I am a sucker for this kind of, in Jeopardy terms, potpourri. Priceonomics has a short piece on why UPS trucks do not make left turns. The most telling part:
UPS engineers found that left-hand turns were a major drag on efficiency. Turning against traffic resulted in long waits in left-hand turn lanes that wasted time and fuel, and it also led to a disproportionate number of accidents.
UPS even has a page describing the practice of no left turns and they expand on the above idea.
What we found: A significant cause of idling time resulted from drivers making left turns, essentially going against the flow of traffic. From there we explored routes where these turns were cut out entirely, and then compared data.

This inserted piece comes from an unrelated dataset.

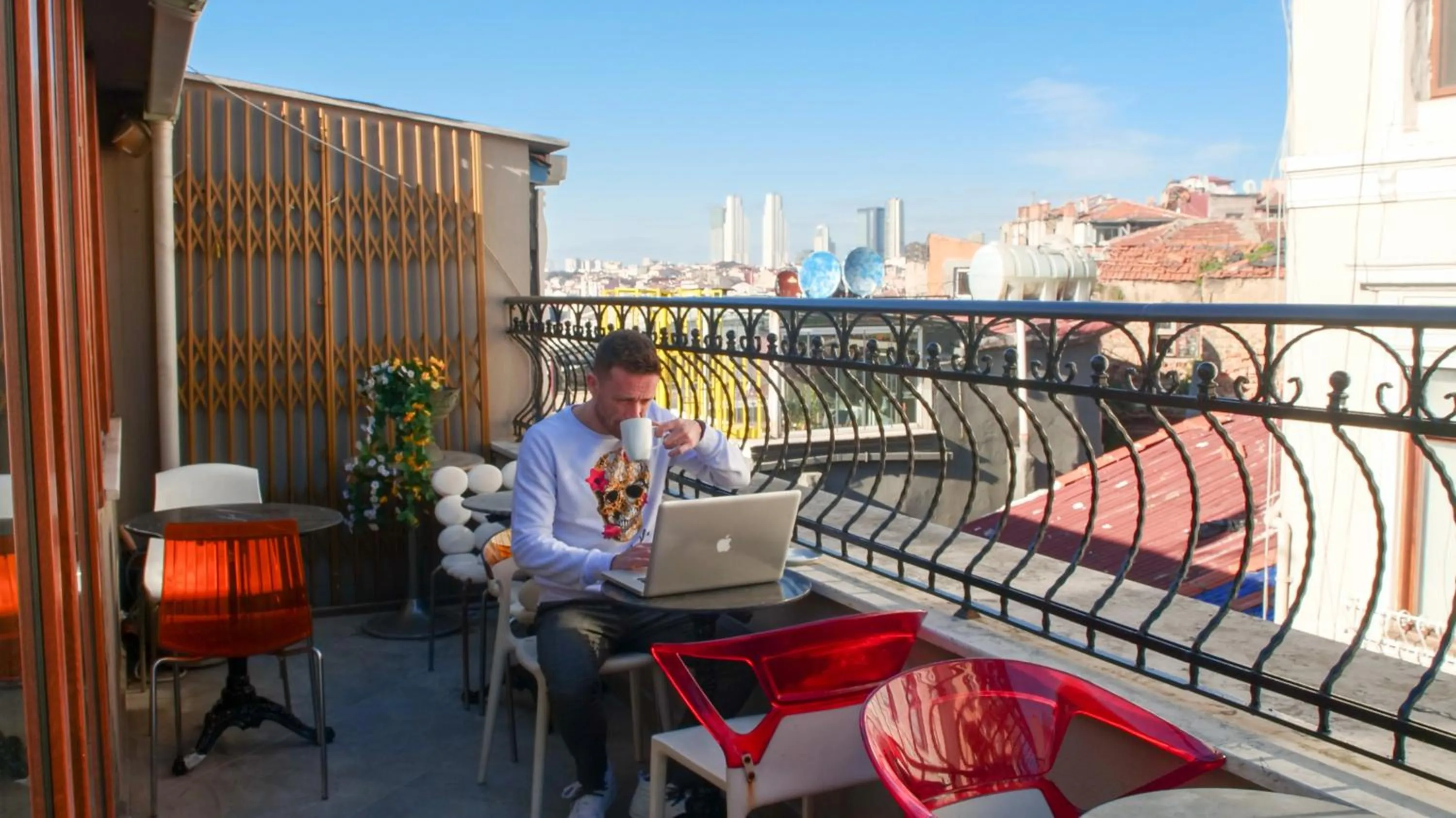 Balcony/Terrace in Stay Inn Taksim Hostel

The use of data to make a decision that goes against logic is what I love. UPS leadership was experimental enough to say “we are going to implement this and see if it works” and then study the results from that test. There are a number of very large companies that I have worked with that would immediately balk at this idea. They almost go through stages of grief (sans depression) with ideas like this.
- Denial – the companies claim the data is wrong or that it is flawed
- Anger – the workers who are responsible for causing the data become upset that someone found out about their poor work habits
- Bargaining – to get out of making a change, people start tossing out different ideas, none of them good
- Acceptance – “I guess we’ll just have to do it”
Then there are the companies who do the complete opposite. They implement a terrible idea based on bad data, or their understanding and interpretation of good data, and it blows up in their face. Once that happens, they become very adverse to ever trying a new idea again. We need new ideas backed by data and I think it’s awesome that UPS took their data and made some interesting choices that have paid off.